[[ SUPPLIED ENTRIES, beginning ]]

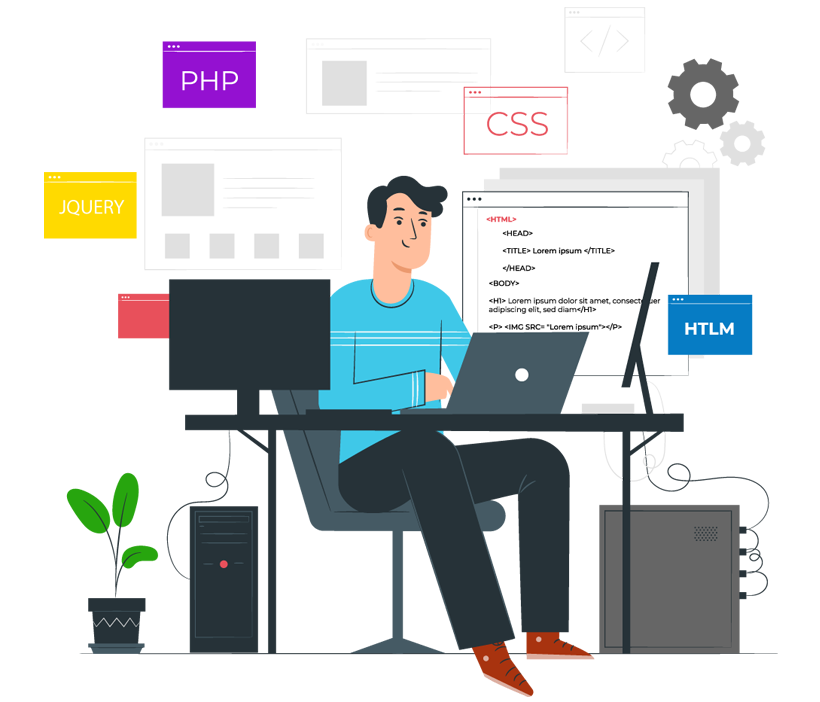 Website Design Company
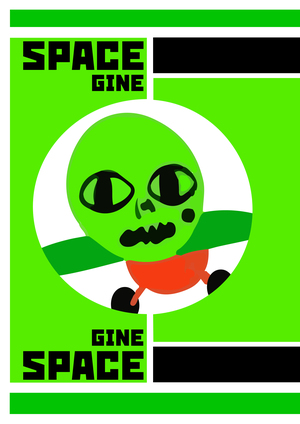 Spacegine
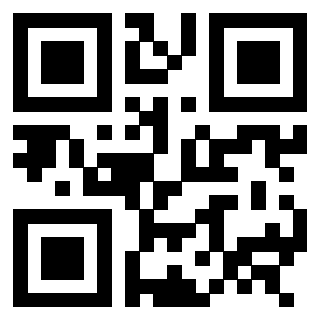 3307892795 Qr Code associato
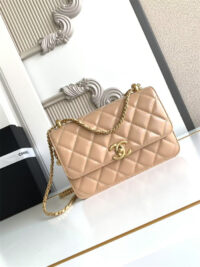 CHANEL 샤넬 크로스백 CAS2649
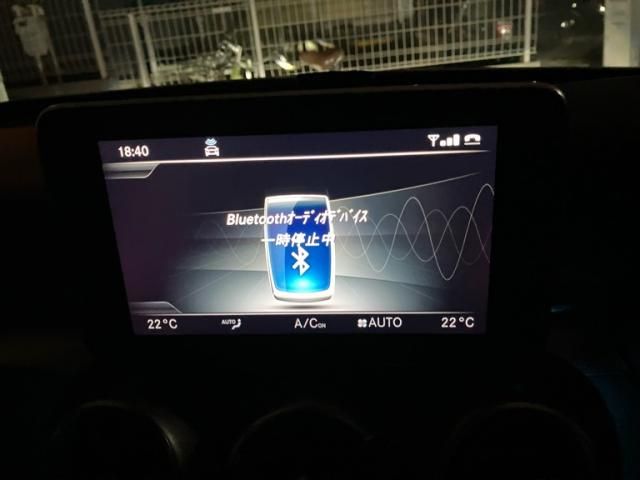 MERCEDES BENZ C CLAS 2018 Image 31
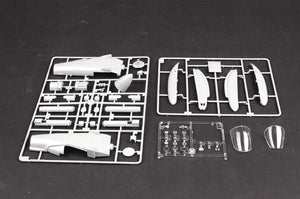 Trumpeter 02286 AV-8B Harrier II Plus 1/32 – Bild 12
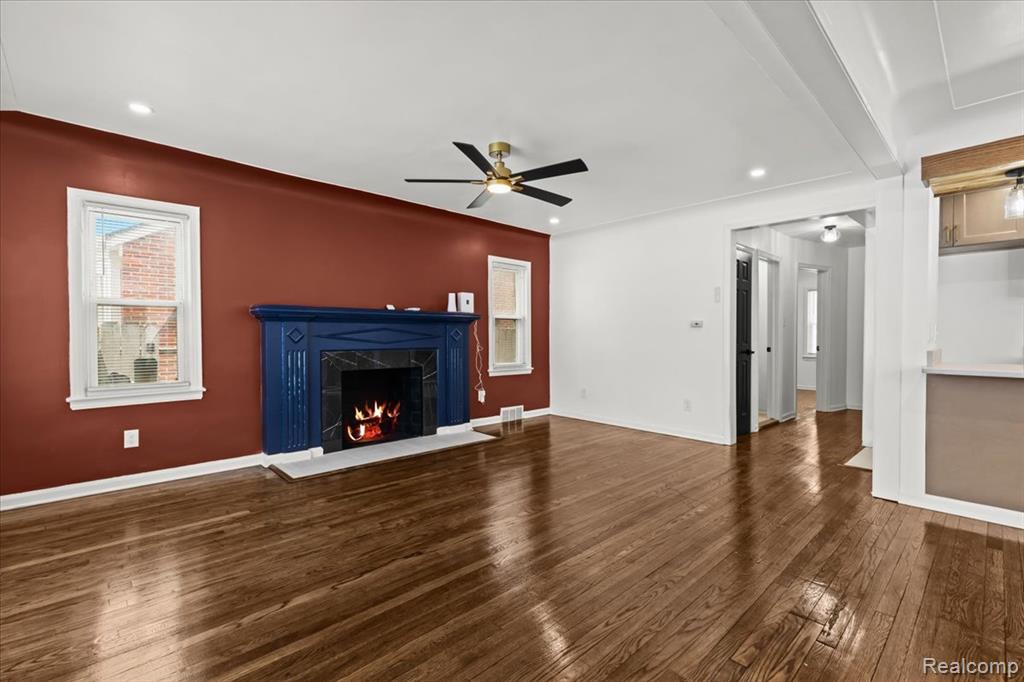 16866 Harlow, Detroit, MI 48235 — Photo 4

[[ SUPPLIED ENTRIES, end ]]

» **WORK ITEM**
Your answer must be the full set of entries, set down exactly and without pictures.

» **WRITTEN ANSWER**
 Website Design Company
 Spacegine
 3307892795 Qr Code associato
 CHANEL 샤넬 크로스백 CAS2649
 MERCEDES BENZ C CLAS 2018 Image 31
 Trumpeter 02286 AV-8B Harrier II Plus 1/32 – Bild 12
 16866 Harlow, Detroit, MI 48235 — Photo 4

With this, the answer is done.